Text-guided Fine-Grained Video Anomaly Understanding¶
People¶
|
|
|
|
1University College London, 2United Arab Emirates University
CVPR 2026 SVC Workshop
Resources¶
Bibtex
@inproceedings{gu2026tvau,
author = {Gu, Jihao and Li, Kun and Wang, He and Ak{\c{s}}it, Kaan},
title = {Text-guided Fine-Grained Video Anomaly Understanding},
booktitle = {Proceedings of the IEEE/CVF Conference on Computer Vision and Pattern Recognition (CVPR) Workshops, 2nd Workshop on Subtle Visual Computing (SVC)},
year = {2026},
address = {Denver, CO, USA}
}
Abstract¶
Subtle abnormal events in videos often manifest as weak spatio-temporal cues that are easily overlooked by conventional anomaly detection systems. Existing video anomaly detection approaches typically provide coarse binary anomaly decisions without interpretable evidence, while large vision-language models (LVLMs) can produce textual judgments but lack precise localization of subtle visual signals. To address this gap, we propose Text-guided Fine-Grained Video Anomaly Understanding (T-VAU), a framework that grounds subtle anomaly evidence into multimodal reasoning. Specifically, we introduce an Anomaly Heatmap Decoder (AHD) that performs visual-textual feature alignment to extract pixel-level spatio-temporal anomaly heatmaps from intermediate visual representations. We further design a Region-aware Anomaly Encoder (RAE) that converts these heatmaps into structured prompt embeddings, enabling the LVLM to perform anomaly detection, localization, and semantic explanation in a unified reasoning pipeline. To support fine-grained supervision, we construct a target-level fine-grained video-text anomaly dataset derived from ShanghaiTech and UBnormal with detailed annotations of object appearance, localization, and motion trajectories.

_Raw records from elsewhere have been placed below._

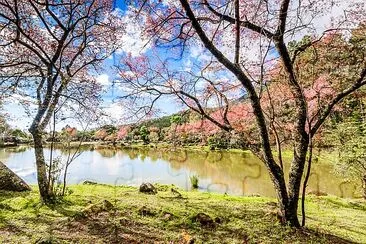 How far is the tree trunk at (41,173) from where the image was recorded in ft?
20.3

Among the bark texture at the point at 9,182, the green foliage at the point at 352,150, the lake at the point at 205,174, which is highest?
the green foliage at the point at 352,150

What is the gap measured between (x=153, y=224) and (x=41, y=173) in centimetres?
273

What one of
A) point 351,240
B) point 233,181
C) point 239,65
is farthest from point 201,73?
point 233,181

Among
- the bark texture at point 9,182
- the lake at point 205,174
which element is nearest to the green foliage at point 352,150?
the lake at point 205,174

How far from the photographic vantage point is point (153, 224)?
4887 mm

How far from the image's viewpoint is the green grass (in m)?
4.32

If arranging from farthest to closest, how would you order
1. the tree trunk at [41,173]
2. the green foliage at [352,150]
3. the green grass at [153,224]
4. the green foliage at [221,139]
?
the green foliage at [352,150], the green foliage at [221,139], the tree trunk at [41,173], the green grass at [153,224]

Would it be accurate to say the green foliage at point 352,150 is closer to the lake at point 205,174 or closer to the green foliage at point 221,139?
the lake at point 205,174

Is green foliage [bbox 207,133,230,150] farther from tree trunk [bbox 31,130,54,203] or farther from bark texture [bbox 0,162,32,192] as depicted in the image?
bark texture [bbox 0,162,32,192]

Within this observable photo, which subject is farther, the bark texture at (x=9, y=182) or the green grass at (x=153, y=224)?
the bark texture at (x=9, y=182)

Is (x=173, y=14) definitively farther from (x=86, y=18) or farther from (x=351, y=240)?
(x=351, y=240)

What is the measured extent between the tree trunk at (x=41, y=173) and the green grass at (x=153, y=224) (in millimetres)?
196

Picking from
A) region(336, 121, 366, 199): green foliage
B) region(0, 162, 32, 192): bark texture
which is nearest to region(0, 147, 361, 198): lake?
region(336, 121, 366, 199): green foliage

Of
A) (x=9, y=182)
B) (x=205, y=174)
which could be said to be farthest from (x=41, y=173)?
(x=205, y=174)
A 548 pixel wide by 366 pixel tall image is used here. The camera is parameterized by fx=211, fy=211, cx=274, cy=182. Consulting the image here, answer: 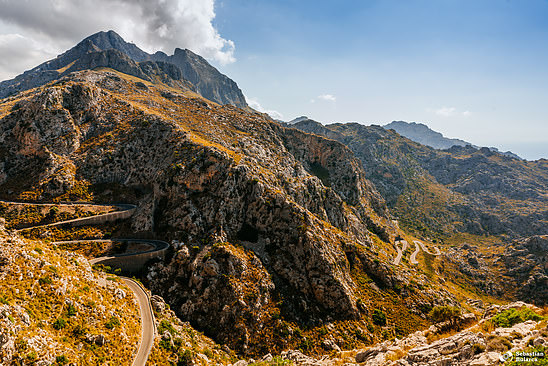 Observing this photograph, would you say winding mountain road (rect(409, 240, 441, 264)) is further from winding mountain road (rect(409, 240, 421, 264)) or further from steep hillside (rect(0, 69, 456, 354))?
steep hillside (rect(0, 69, 456, 354))

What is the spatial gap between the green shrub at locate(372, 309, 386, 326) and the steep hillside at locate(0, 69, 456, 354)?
1307mm

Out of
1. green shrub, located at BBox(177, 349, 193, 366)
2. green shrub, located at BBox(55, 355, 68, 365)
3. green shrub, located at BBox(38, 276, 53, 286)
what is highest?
green shrub, located at BBox(38, 276, 53, 286)

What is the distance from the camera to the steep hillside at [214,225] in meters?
47.7

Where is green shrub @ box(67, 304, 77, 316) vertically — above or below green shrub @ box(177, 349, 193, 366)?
above

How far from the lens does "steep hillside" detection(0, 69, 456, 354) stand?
4772cm

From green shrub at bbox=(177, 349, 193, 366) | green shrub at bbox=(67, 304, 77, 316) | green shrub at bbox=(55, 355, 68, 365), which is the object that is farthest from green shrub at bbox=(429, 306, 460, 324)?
green shrub at bbox=(67, 304, 77, 316)

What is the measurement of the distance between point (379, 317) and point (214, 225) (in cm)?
5026

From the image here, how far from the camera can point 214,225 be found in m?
59.3

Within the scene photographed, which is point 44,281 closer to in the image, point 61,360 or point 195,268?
point 61,360

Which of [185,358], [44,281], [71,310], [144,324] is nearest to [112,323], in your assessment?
[71,310]

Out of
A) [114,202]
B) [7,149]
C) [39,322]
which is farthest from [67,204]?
[39,322]

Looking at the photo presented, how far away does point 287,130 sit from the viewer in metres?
151

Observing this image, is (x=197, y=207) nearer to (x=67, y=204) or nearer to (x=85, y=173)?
(x=67, y=204)

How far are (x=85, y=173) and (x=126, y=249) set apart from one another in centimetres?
3503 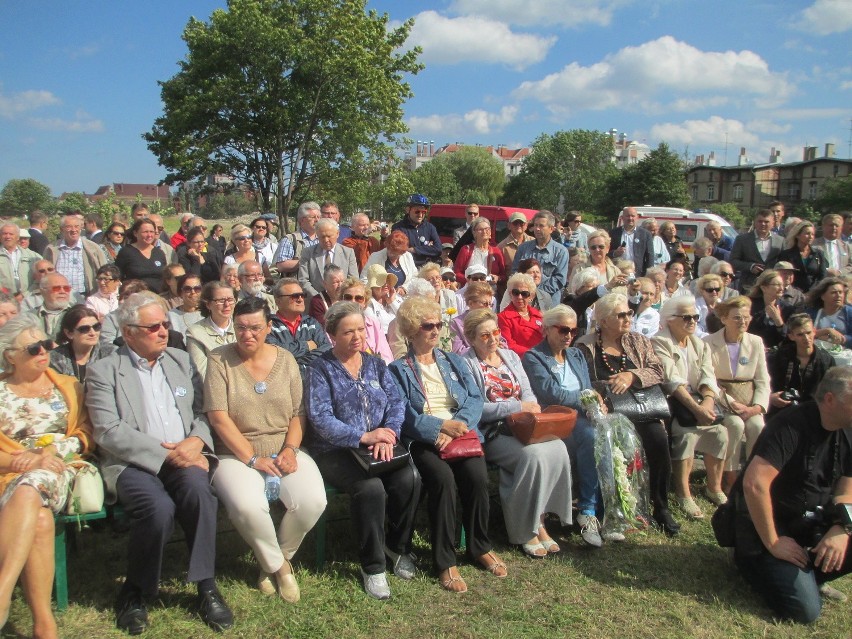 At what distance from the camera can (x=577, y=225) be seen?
364 inches

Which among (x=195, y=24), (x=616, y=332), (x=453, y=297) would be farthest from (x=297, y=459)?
(x=195, y=24)

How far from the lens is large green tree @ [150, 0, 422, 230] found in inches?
858

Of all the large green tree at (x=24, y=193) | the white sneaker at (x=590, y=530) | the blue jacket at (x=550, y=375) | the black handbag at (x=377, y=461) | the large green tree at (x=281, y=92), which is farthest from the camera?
the large green tree at (x=24, y=193)

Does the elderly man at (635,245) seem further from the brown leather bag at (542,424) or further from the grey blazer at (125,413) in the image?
the grey blazer at (125,413)

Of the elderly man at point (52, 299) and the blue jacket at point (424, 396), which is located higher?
the elderly man at point (52, 299)

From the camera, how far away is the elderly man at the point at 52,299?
4.76 m

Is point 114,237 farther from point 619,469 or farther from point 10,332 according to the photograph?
point 619,469

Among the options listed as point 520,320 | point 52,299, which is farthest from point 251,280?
point 520,320

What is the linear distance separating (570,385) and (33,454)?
3.23 metres

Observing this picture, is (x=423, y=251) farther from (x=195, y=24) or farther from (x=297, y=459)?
(x=195, y=24)

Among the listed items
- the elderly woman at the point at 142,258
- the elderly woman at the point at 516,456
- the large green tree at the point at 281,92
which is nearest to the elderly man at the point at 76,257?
the elderly woman at the point at 142,258

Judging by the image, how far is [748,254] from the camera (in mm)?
7895

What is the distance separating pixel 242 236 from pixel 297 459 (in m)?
3.81

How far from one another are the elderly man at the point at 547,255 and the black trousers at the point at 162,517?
4339 mm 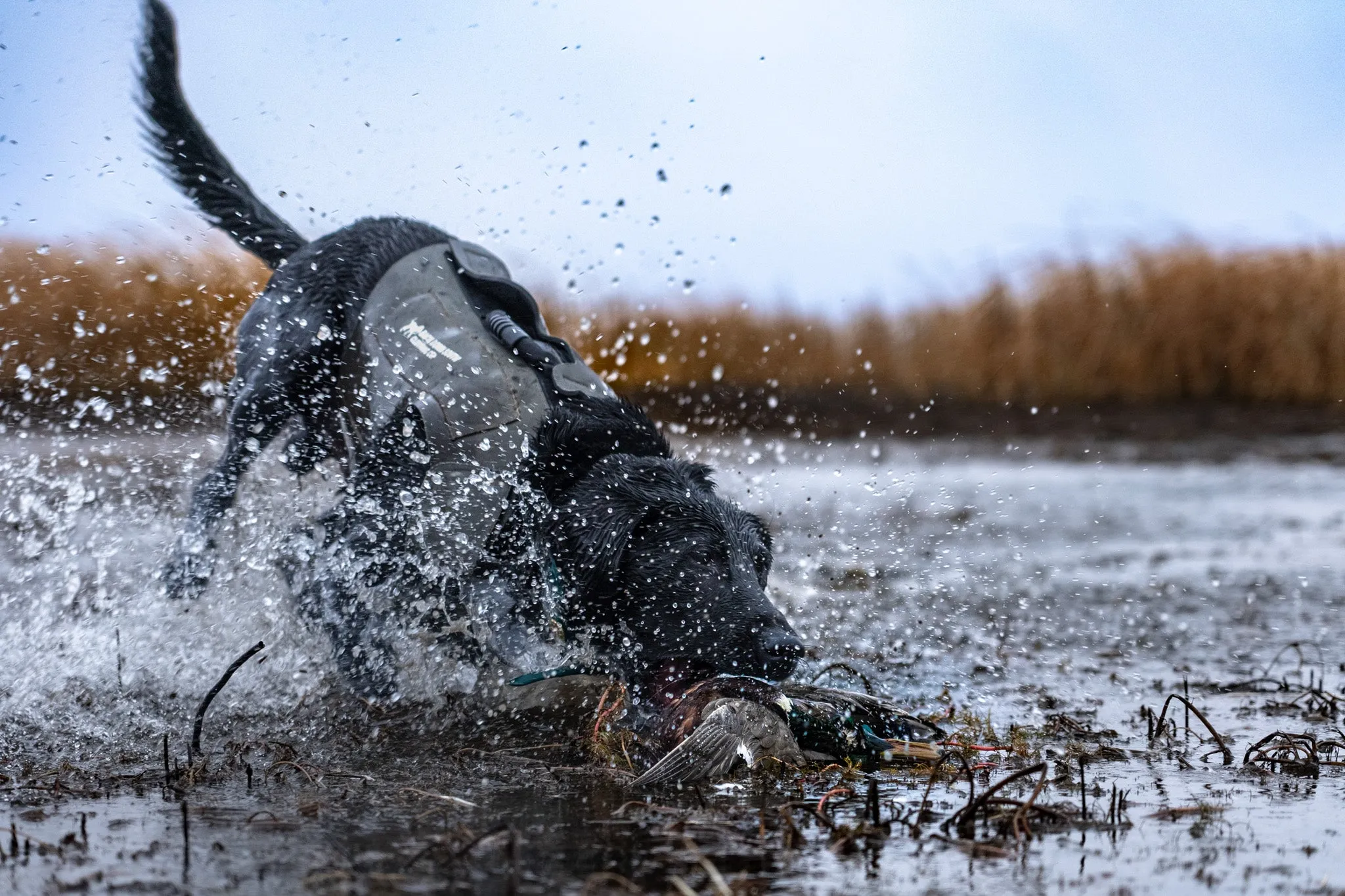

Extensive experiments demonstrate that T-VAU significantly improves anomaly localization and textual reasoning performance on both benchmarks, achieving strong results in BLEU-4 metrics and Yes/No decision accuracy while providing interpretable pixel-level spatio-temporal evidence for anomaly understanding.
Proposed Method¶
Model Design¶
The proposed T-VAU model. The framework consists of three modules:
-
Text Encoder (\(E_t\)) that generates class-specific text embeddings \(\mathbf{S}_c\) from binary prompts
-
Anomaly Heatmap Decoder (AHD) that fuses \(\mathbf{S}_c\) with visual features \(\mathcal{V}\) to produce spatio-temporal pixel-level anomaly heatmaps \(\mathbf{H}\)
-
Region-aware Anomaly Encoder (RAE) that projects \(\mathbf{H}_c\) into the LoRA-tuned LVLM semantic space and integrates it with video \(\mathcal{V}\) and a sequence of incrementally refined questions \(\mathbf{Q}_{\leq t}\) to yield the final anomaly understanding response \(\mathbf{A}_t\)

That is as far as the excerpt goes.